━━━━━ Provided data ━━━━━

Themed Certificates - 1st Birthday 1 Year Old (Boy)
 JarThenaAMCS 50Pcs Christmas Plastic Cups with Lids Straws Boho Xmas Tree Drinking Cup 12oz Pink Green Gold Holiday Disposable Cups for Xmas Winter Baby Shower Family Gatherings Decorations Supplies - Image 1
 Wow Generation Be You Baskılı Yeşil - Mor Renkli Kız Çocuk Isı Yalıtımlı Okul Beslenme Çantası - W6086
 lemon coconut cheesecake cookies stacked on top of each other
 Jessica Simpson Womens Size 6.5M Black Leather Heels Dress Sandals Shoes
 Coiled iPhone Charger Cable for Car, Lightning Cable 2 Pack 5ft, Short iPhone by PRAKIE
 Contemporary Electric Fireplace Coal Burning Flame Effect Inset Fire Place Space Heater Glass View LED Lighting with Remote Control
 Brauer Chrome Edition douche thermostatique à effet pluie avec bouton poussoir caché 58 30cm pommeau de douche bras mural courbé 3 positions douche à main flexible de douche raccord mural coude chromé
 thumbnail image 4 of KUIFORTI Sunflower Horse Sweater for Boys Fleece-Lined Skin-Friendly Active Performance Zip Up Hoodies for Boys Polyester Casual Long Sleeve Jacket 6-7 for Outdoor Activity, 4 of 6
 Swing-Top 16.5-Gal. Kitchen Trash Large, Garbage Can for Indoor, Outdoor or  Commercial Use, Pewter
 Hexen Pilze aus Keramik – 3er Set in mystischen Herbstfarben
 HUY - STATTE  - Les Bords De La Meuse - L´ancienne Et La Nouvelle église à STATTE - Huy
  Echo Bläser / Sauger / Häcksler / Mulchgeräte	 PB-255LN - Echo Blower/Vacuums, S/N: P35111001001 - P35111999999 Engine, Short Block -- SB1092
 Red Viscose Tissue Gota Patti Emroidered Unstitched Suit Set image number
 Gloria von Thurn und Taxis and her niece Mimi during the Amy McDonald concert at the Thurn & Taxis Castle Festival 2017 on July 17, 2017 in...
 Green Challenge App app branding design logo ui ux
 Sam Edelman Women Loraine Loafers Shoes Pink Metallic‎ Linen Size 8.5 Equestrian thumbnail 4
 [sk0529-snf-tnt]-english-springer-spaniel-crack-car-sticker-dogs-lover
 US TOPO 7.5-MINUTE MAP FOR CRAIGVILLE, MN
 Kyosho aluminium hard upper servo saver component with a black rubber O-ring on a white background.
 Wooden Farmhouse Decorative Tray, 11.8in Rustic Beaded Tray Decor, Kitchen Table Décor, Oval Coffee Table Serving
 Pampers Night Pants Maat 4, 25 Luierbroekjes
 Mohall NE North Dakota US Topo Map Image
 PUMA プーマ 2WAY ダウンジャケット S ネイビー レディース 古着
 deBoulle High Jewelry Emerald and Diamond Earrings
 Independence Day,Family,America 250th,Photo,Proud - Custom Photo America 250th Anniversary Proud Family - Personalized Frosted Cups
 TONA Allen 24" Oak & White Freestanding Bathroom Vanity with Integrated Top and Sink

━━━━━

Work instructions |
Throughout the records above, find the lines in which the word "Short" appears and return them.

Answer box |
 Coiled iPhone Charger Cable for Car, Lightning Cable 2 Pack 5ft, Short iPhone by PRAKIE
  Echo Bläser / Sauger / Häcksler / Mulchgeräte	 PB-255LN - Echo Blower/Vacuums, S/N: P35111001001 - P35111999999 Engine, Short Block -- SB1092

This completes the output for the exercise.